FILE - In this Aug. 2, 2013, file photo, Environmental Protection Agency Administrator Gina McCarthy speaks to the Associated Press during an interview at her office in Washington. The EPA's inspector general is accusing a unit run by President Barack Obama's political staff inside the EPA of operating as a "rogue law enforcement agency" that is blocking independent investigations and violating federal law. (AP Photo)
The assistant EPA inspector general for investigations, Patrick Sullivan, was scheduled to testify Wednesday before a House oversight committee about the activities of the EPA's little-known Office of Homeland Security.
The office of about 10 employees is overseen by EPA Administrator Gina McCarthy's office, and the inspector general's office is accusing it of impeding its independent investigations into employee misconduct, computer security and external threats, including compelling employees involved in cases to sign nondisclosure agreements.
"Under the heavy cloak of 'national security,' the Office of Homeland Security has repeatedly rebuffed and refused to cooperate with the OIG's ongoing requests for information or cooperation," Sullivan said in prepared testimony obtained by The Associated Press. "This block unquestionably has hamstrung the Office of Inspector General's ability to carry out its statutory mandate to investigate wrongdoing of EPA employees."
EPA Deputy Administrator Bob Perciasepe was expected to tell Congress that the agency's employees work cooperatively with the inspector general and support its mission, according to his prepared testimony.
The EPA allegations are the latest under the Obama administration to question the effective independence of the government's inspectors general, who ostensibly operate on their own to investigate wrongdoing inside federal agencies.
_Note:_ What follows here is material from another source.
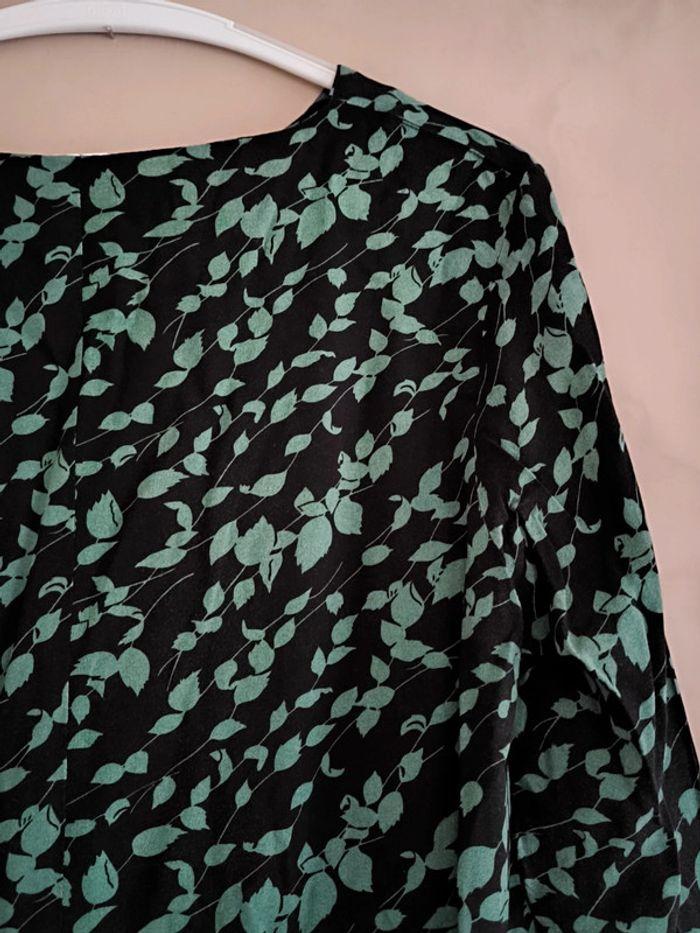 🌿 Blouse Saint Tropez 38/40 🌿 - photo numéro 9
Two weeks ago, Homeland Security Secretary Jeh Johnson put his department's former inspector general on administrative leave after senators said he was too cozy with senior DHS officials and improperly rewrote, delayed or classified some critical reports to accommodate Obama's political appointees.
Last year, the Defense Department's inspector general removed material from a draft report that concluded then-Defense Secretary Leon Panetta had improperly disclosed classified information about the raid that killed Osama bin Laden to a producer for the movie "Zero Dark Thirty."
The EPA inspector general, Arthur A. Elkins Jr., was appointed by Obama in 2010. It's an independent office within the agency and is expected to be outside of political influence.
The dispute between the inspector general's office and the EPA's homeland security office came to a head last year as Republicans in Congress investigated the agency's handling of John C. Beale, a former deputy assistant administrator who pleaded guilty in federal court last fall to stealing $886,186 between 2000 and April 2013, falsely claiming he was working undercover for the CIA. The Beale case was initially investigated by the homeland security office months before the IG's office was made aware of it.
Another inspector general investigator, Elisabeth Heller Drake, will testify that McCarthy asked the inspector general's office to halt a probe into a homeland security office employee after he allegedly assaulted her in October, according to her prepared testimony. The EPA says that claim is a mischaracterization and that McCarthy only asked that the investigation be paused until the internal dispute between the two offices was settled safely and efficiently.
Both the IG's office and the EPA's lawyers have requested a third-party investigation into that incident by the Federal Protective Service, part of the Homeland Security Department.